Leading customers NVIDIA, Broadcom, and AMD will be the first to adopt TSMC's COUPE platform between 2026 and 2027. AMD has secured 240,000 wafers of CoWoS advanced packaging capacity, with shipments of its flagship MI455 and MI450 AI chips estimated at 1 million and 500,000 units respectively. AMD's next-generation Venice processor—the company's first CPU to incorporate CoWoS advanced packaging—is projected to reach 5.7 to 6 million shipments in 2027, up from 1 million units in 2026. ASE Technology Holding, Powertech Technology, and Amkor are viewed as the super winners of the 2027 AI arms race, as they will concentrate the chip-on-wafer process for Venice chips.
Xintec, a packaging and testing company in which TSMC holds over 30%, has transformed into a critical "optical turnkey hub." Since alignment precision between chips and optical fibers must achieve sub-micron levels, Xintec's expertise in 3D wafer-level packaging is essential for optoelectronic integrated packaging. The company's share price recently hit consecutive daily limit-up moves to reach record highs, with May consolidated revenue of NT$697 million ($21.7 million), up 43.32% year-over-year, and cumulative first-five-months revenue of NT$3.33 billion ($103.7 million), up 27.86% year-over-year.
MA-tek, a semiconductor testing and analysis leader, recorded June revenue of NT$558 million ($17.3 million), marking a record high for the fourth consecutive month. The Spectrum-X CPO switch jointly developed by NVIDIA and TSMC has begun shipping to select partners, offering up to 5x power efficiency improvements. The complexity of its heterogeneous packaging interfaces has driven outsourcing demand for optoelectronic interface material analysis and high-speed signal troubleshooting. MA-tek's penetration rate in silicon photonics supply chain testing and analysis has exceeded 50%, and it has installed its first dedicated failure localization platform for high-end optoelectronic products.

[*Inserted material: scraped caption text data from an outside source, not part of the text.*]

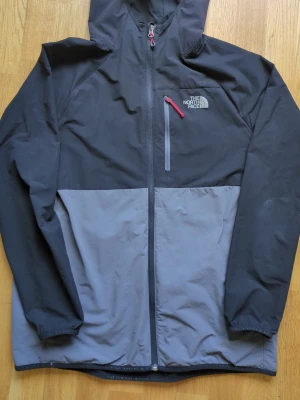Svart och grå vindjacka The North Face - Snygg vindjacka från The North Face i svart och grått med huva och hel dragkedja. Jackan har en bröstficka med röd dragkedja, elastiska muddar och logga på bröstet och ryggen. Perfekt för blåsiga dagar och outdoor-äventyr. Köptes på JD Sports för 899kr. Säljes för 400kr. Pris kan diskuteras vid snabb affär. Tvättas innan köp.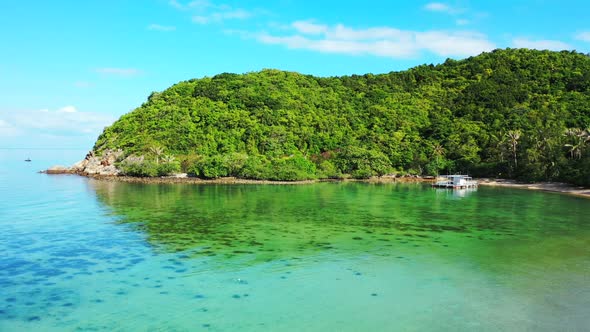 Aerial drone view landscape of beautiful resort beach voyage by blue sea with bright sandy backgroun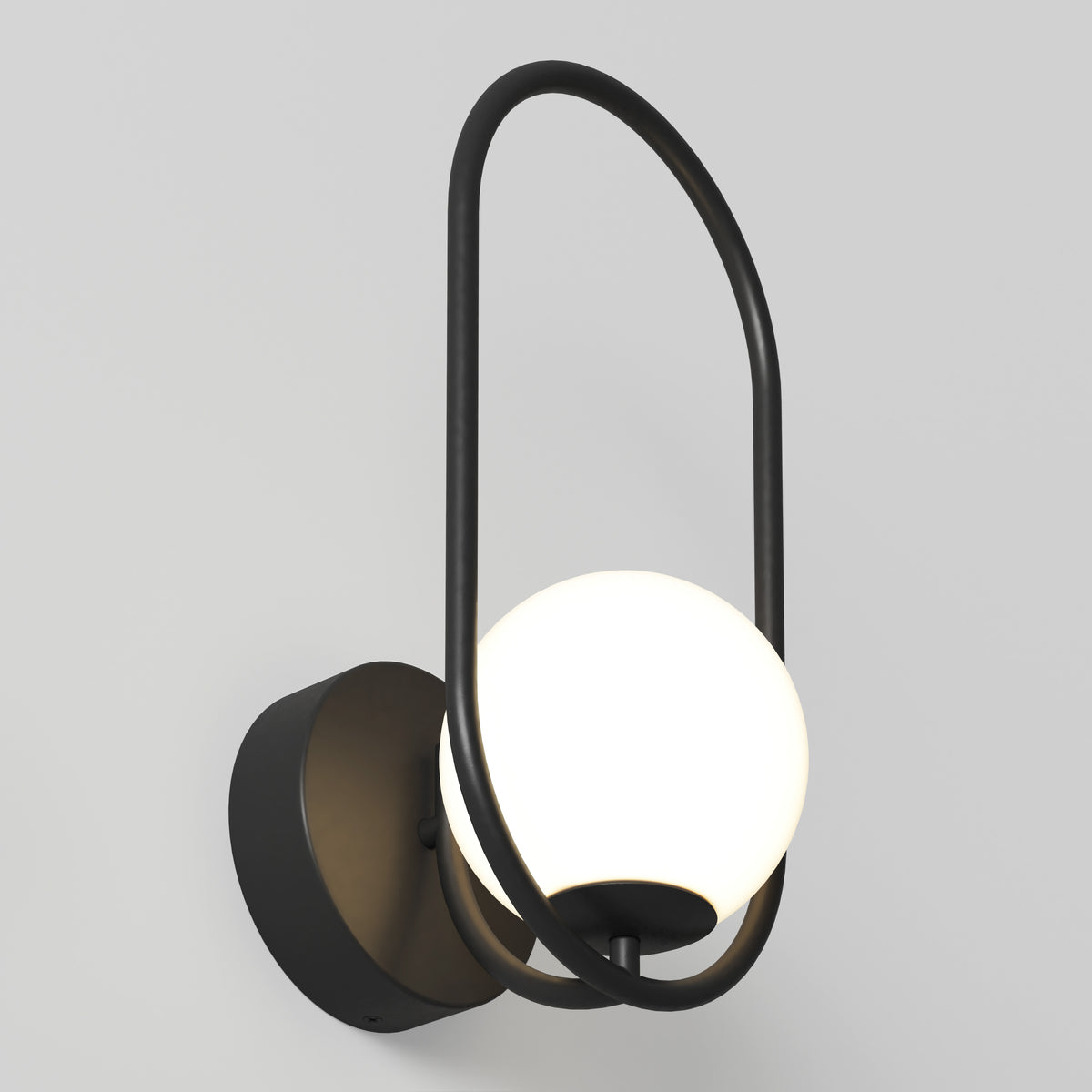 The Artika Bloom LED Sconce 3 CCT features a spherical white glass shade and matte black metal frame forming an elegant oval loop, mounted on a circular base against a plain light gray wall.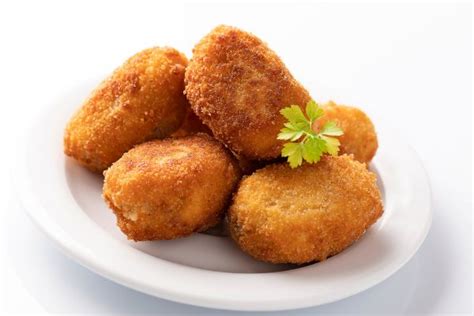 Croquetas De Queso De Cabra Y Cebolla Caramelizada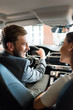 © LIGHTFIELD STUDIOS - selective focus of happy bearded man holding steering wheel and looking at woman in car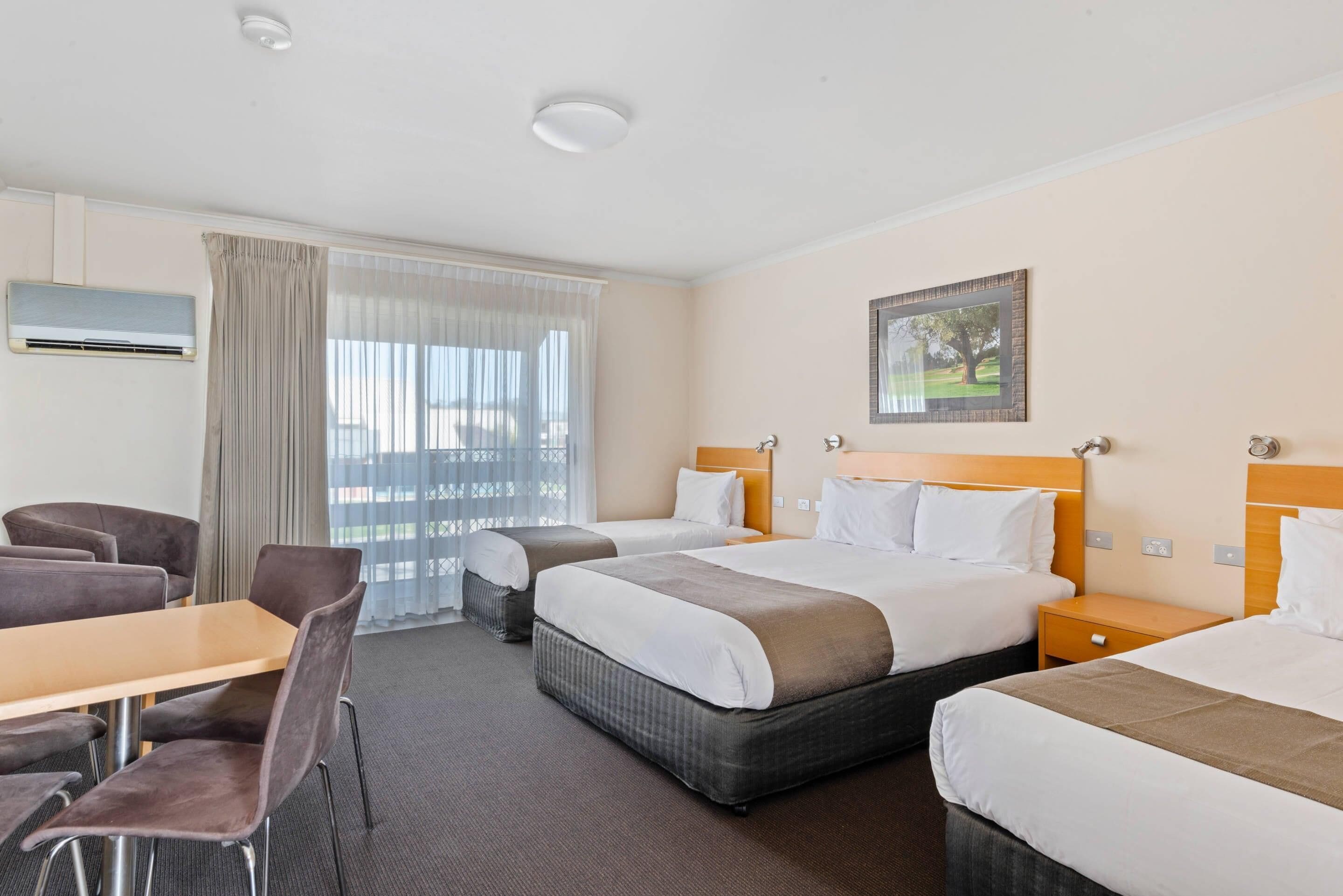 Een hotelkamer met twee bedden, een bureau, stoelen en een raam met gordijnen.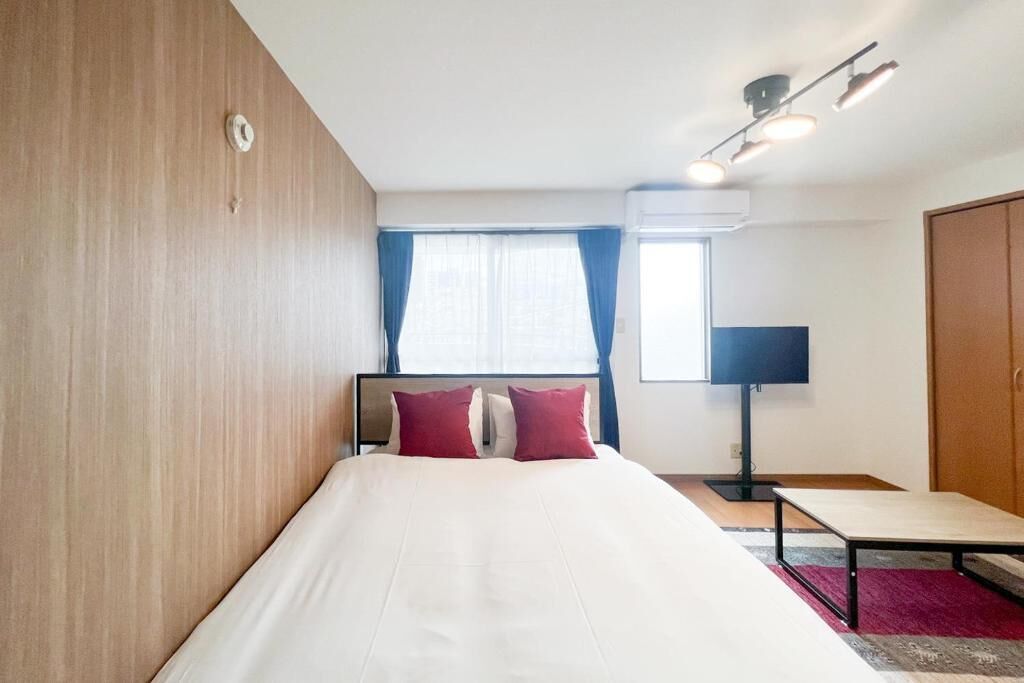 A hotel room with a bed, a desk, a lamp, and a wardrobe.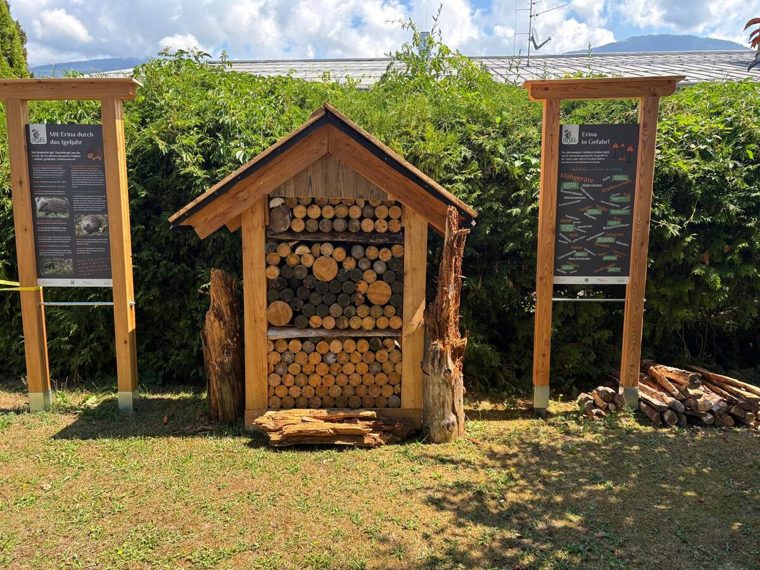 Holzhaus mit Giebeldach, dicht gefüllt mit gestapelten Holzscheiben, zwischen zwei Info-Tafeln des Lehrpfads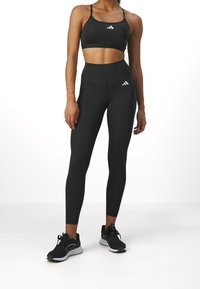 Czarny sportowy stanik i legginsy wysokiej talii, charakteryzujące się gładką fakturą i białymi akcentami logo. Uzupełnione czarnymi butami do biegania.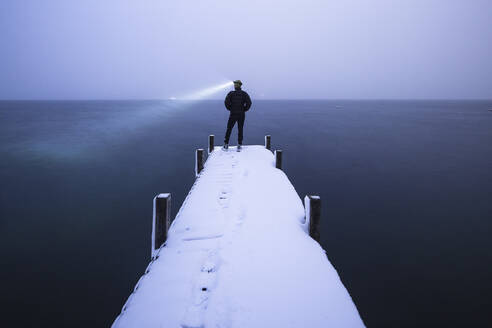 Tourist mit Stirnlampe bewundert See stehend auf Steg im Winter, Walchensee, Bayern, Deutschland - WFF00635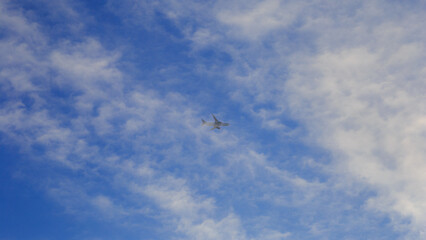 Light in the clouds in the blue sky,  Sky clouds, Beautiful clouds movement in the sky, and airplane.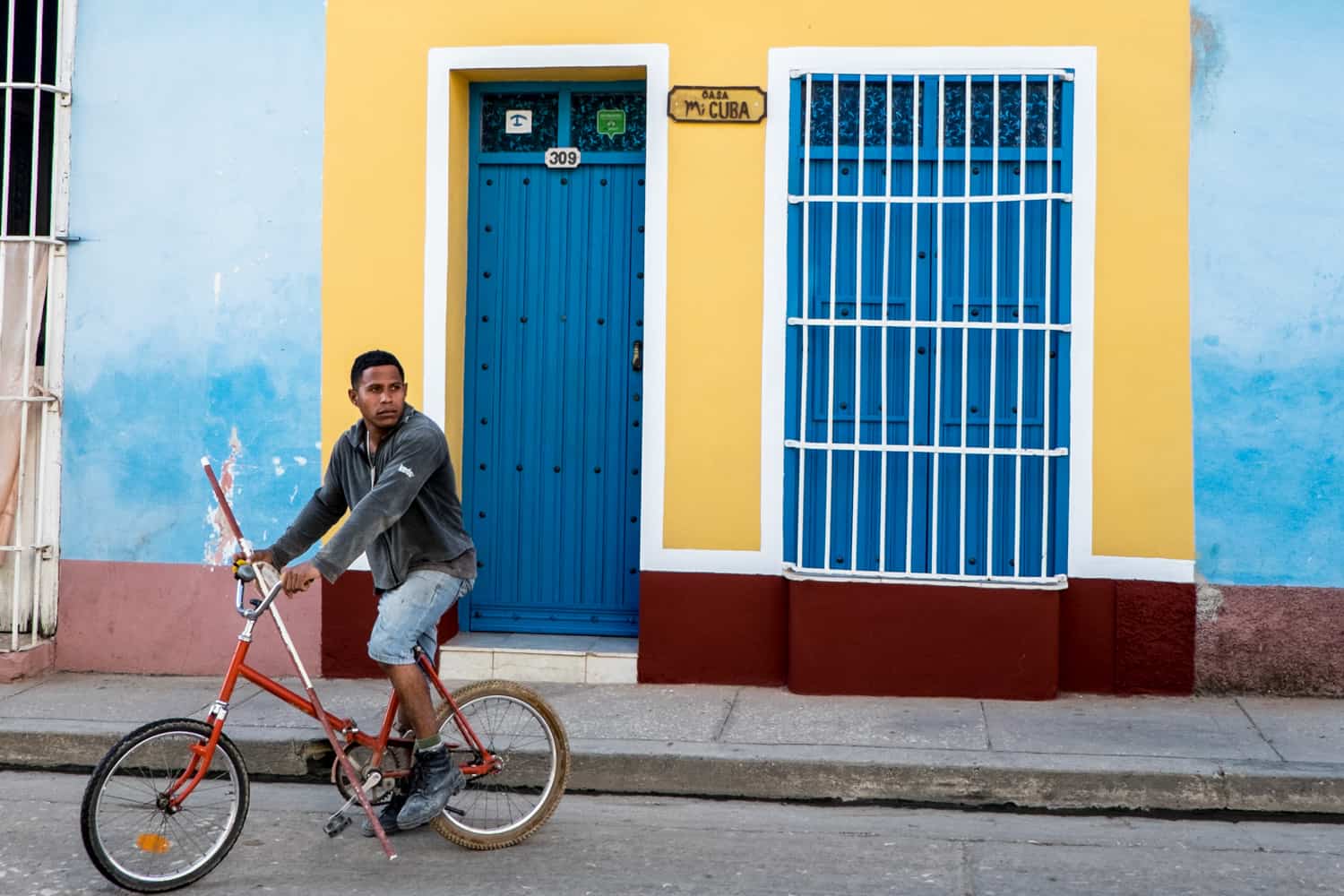 A man on a bike outside a blue and yellow painted Casa in Cuba.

Although CPO mass production still faces yield challenges—TSMC's SoIC yield of 50% would reduce monthly output of 10,000 wafers to only about 390,000 units after cumulative losses—TSMC possesses strong pricing power in advanced process nodes. Unit prices for 2-nanometer wafers are expected to approach $30,000, offsetting cost pressures through price increases. As AI servers evolve toward higher bandwidth and lower power consumption, co-packaged optics will become critical for next-generation high-speed interconnects, positioning the related supply chain for substantial growth opportunities.